Let us consider the algorithm again:

• Call $DFS$ on $D$ from an arbitrary vertex.
• Number vertices according to the order in which $DFS$ finishes examining all out edges from that vertex. This number for vertex $v$ is also referred to as $post(v)$.
• Let $D^R$ be $D$ with all arcs reversed. Call $DFS$ on $D^R$ in decreasing order of their $post$ numbers.
• Output the explored vertices whenever $DFS$ has to start at a new vertex.

We first observe that the strongly connected components of $D^R$ is precisely $\mathcal{C} = \{C_1, C_2, \dots, C_k\}$, i.e. the same as the strongly connected components of $D$.

We also observe that if $(C_i,C_j) \in A'$ then the highest $post$ number in $C_i$ is larger than the highest $post$ number in $C_j$. If the $DFS$ visits a vertex of $C_i$ before visiting any vertex of $C_j$  then clearly every vertex of $C_j$ will be explored before returning. Thus the highest $post$ number in $C_i$ will be larger than the highest $post$ number in $C_j$. If the $DFS$ visits a vertex of $C_j$ first before visiting any vertex of $C_i$ then clearly all of $C_j$ will be explored and no vertex of $C_i$ will be explored when $DFS$ returns. Thus we need to call $DFS$ on a vertex of $C_i$ at some later point in time and so the claim follows.
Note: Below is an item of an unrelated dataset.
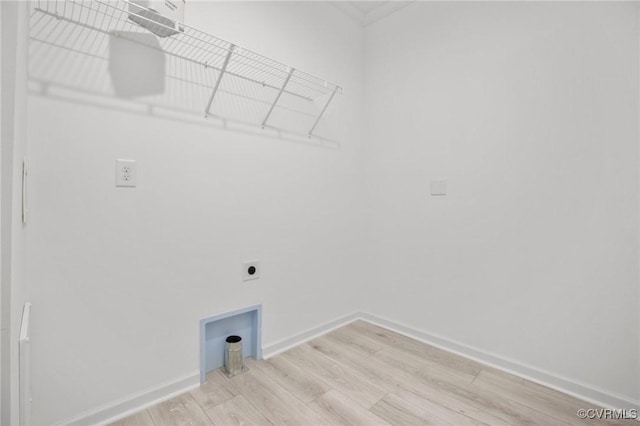 clothes washing area featuring light hardwood / wood-style flooring, ornamental molding, and hookup for an electric dryer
Thus the vertex with the highest $post$ number must be a source strongly connected component in $D$ and so a sink strongly connected component in $D^R$. Thus if we start $DFS$ in the order of decreasing $post$ number then from the above observation we will find exactly the strongly connected components of $D$.

Note:  At first glance it might appear that we could also run the $DFS$ algorithm on $D$ in the order of the lowest $post$ numbers. However it is not true that if $(C_i, C_j) \in A'$ then the lowest post number in $C_j$ is smaller than the lowest $post$ number in $C_i$. An easy counter example is when $C_i$ is a cycle $\{1,2, \cdots, k\}$ and $C_j$ is a single vertex $v$. Let $(i,v) \in A$ where $1 \le i < k$. Suppose $DFS$ was called on $1$ and the order of traversal was $1, 2, 3, \cdots, k$ before returning back to vertex $i$ and then exploring $v$. Since $i < k$, clearly vertex $i+1$ has post number strictly smaller than $v$.

Minimum Spanning Tree

Given a weighted un-directed graph $G=(V,E)$ with weights $w : E \rightarrow \mathbb{R}$. We wish to compute a minimum weight spanning tree of $G$. Here is a greedy algorithm that solves this problem:

• Initialize $T = \phi$.
• Order the edges as $e_1, e_2, \cdots, e_m$ such that $w(e_1) \le w(e_2) \le \cdots \le w(e_m)$.
• Pick the lowest weight edge $e_i$ such that $T\cup \{e_i\}$ has no cycles.
• Set $T = T \cup \{e_i\}$.
• Stop when $|T| = n-1$.

This algorithm is called Kruskal’s algorithm and it produces a minimum weight spanning tree.

Lemma: Every edge $e$ is a minimum weight edge in some cut $(S, \bar{S})$ in $G$.